▸ **WHAT THE TASK ASKS**
Below this line is a set of entries; quote exactly the lines from the line that contains "Pittsburgh Penguins Fanatics" to the line that contains "Pan Head Security", both lines included.

▸ **STORED DATA**
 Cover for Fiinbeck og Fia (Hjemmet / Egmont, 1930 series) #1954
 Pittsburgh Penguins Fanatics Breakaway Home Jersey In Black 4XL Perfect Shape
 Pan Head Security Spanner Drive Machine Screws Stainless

--

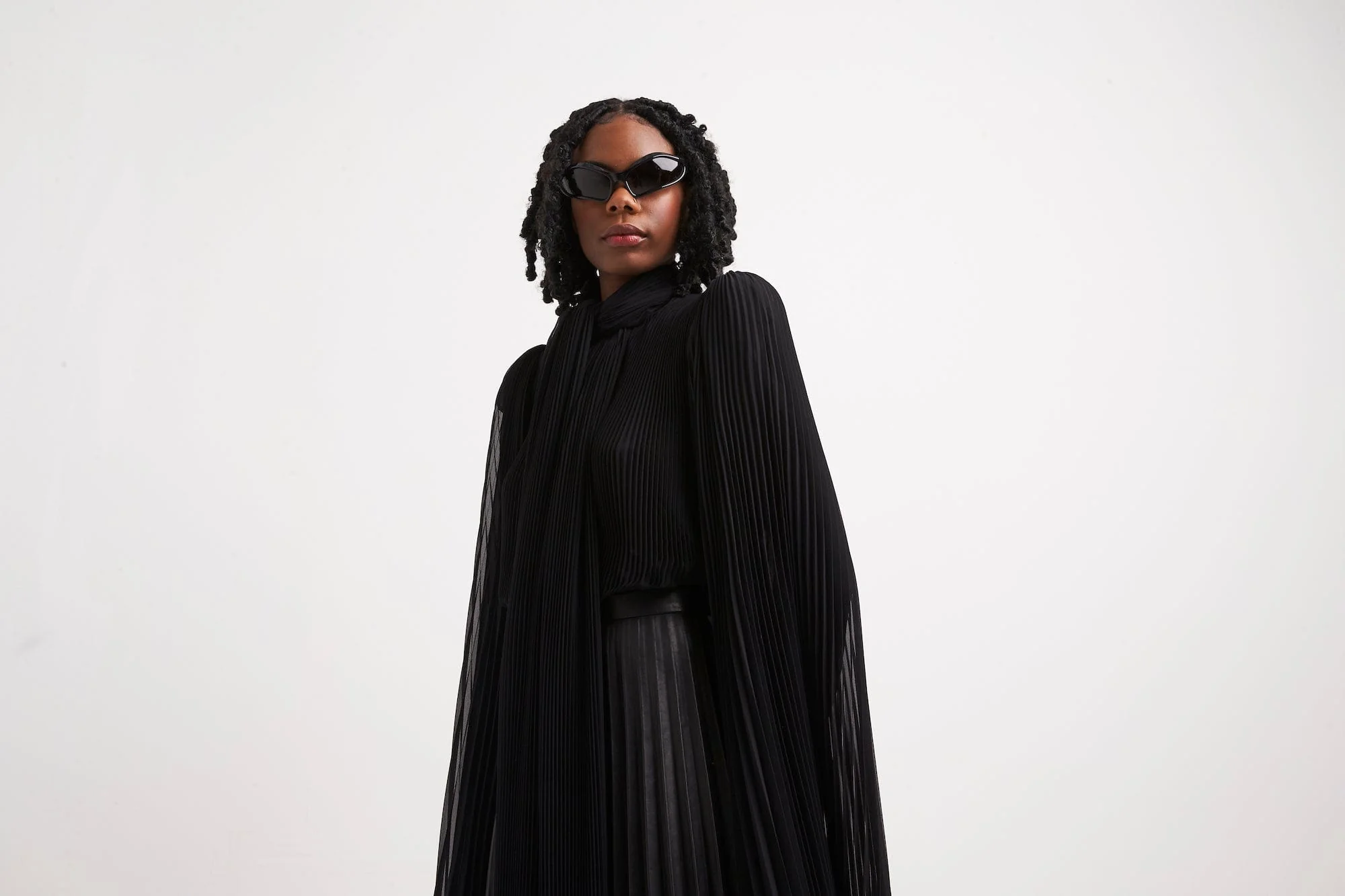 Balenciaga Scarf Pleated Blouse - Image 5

...

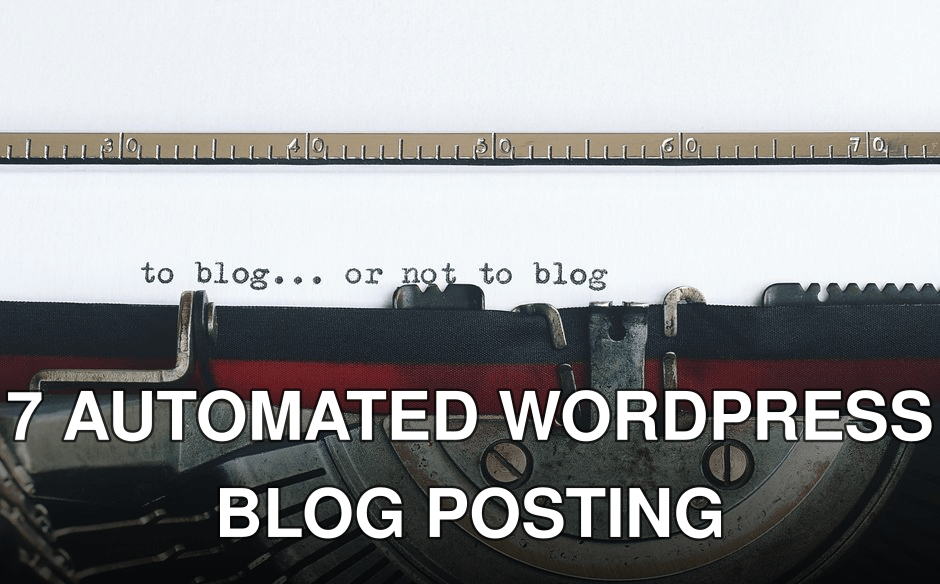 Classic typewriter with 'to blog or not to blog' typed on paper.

▸ **SOLUTION FOR THIS EXERCISE**
 Pittsburgh Penguins Fanatics Breakaway Home Jersey In Black 4XL Perfect Shape
 Pan Head Security Spanner Drive Machine Screws Stainless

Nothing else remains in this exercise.